Exercise:
From the material below, reproduce exactly the stretch of lines that begins with the line holding "Hey everybody, welcome" and ends with the line holding "The last slide", skipping the pictures.

Data for processing:

■ ■ ■ ■ ■ ■ ■

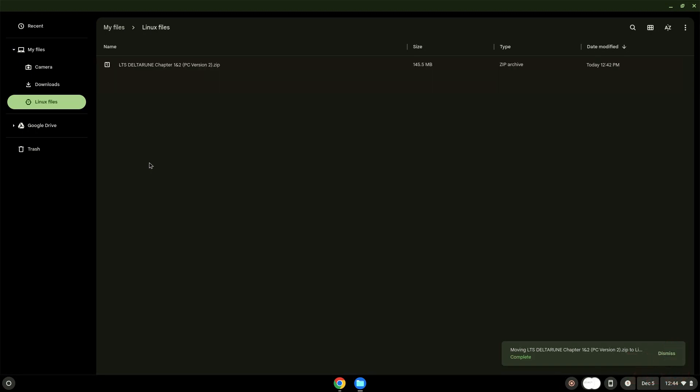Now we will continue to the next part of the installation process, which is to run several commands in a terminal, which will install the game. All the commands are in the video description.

■ ■ ■ ■ ■ ■ ■

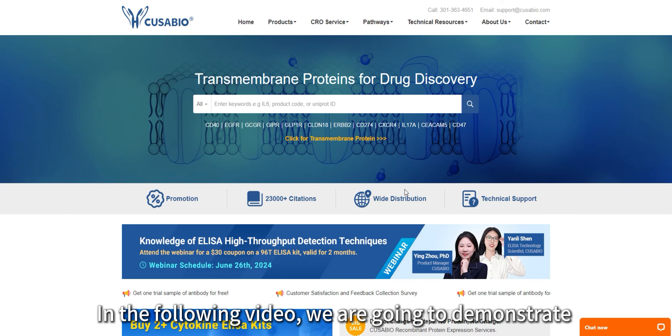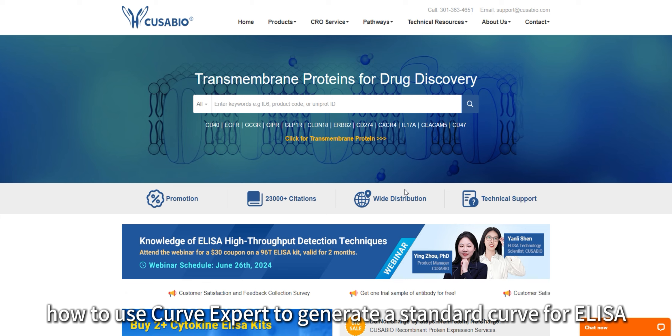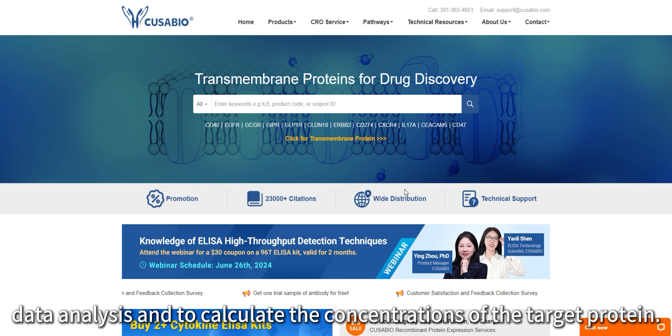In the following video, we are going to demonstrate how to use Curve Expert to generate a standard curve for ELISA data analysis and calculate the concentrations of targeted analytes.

■ ■ ■ ■ ■ ■ ■

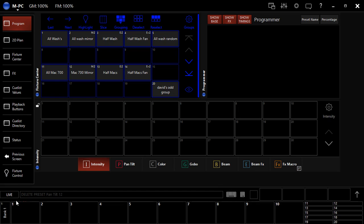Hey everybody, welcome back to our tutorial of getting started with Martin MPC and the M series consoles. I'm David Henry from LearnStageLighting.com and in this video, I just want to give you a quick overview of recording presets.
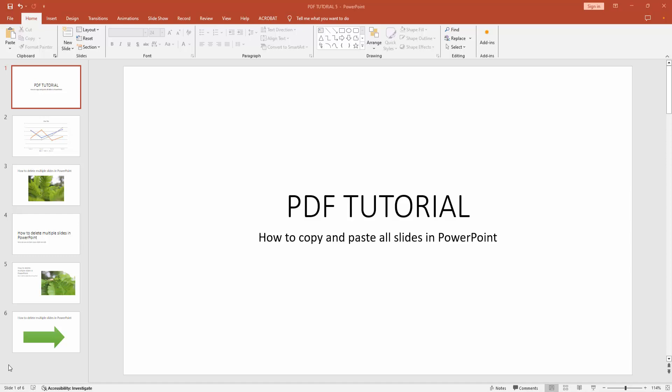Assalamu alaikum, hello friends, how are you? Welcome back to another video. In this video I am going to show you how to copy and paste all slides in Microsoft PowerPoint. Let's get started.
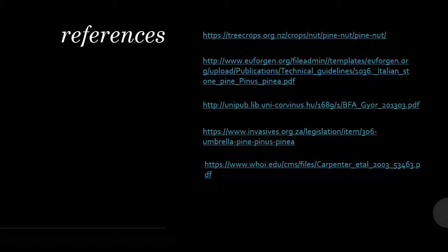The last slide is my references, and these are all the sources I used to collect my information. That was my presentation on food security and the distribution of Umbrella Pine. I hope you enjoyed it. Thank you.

■ ■ ■ ■ ■ ■ ■

The completed task:
Hey everybody, welcome back to our tutorial of getting started with Martin MPC and the M series consoles. I'm David Henry from LearnStageLighting.com and in this video, I just want to give you a quick overview of recording presets.
Assalamu alaikum, hello friends, how are you? Welcome back to another video. In this video I am going to show you how to copy and paste all slides in Microsoft PowerPoint. Let's get started.
The last slide is my references, and these are all the sources I used to collect my information. That was my presentation on food security and the distribution of Umbrella Pine. I hope you enjoyed it. Thank you.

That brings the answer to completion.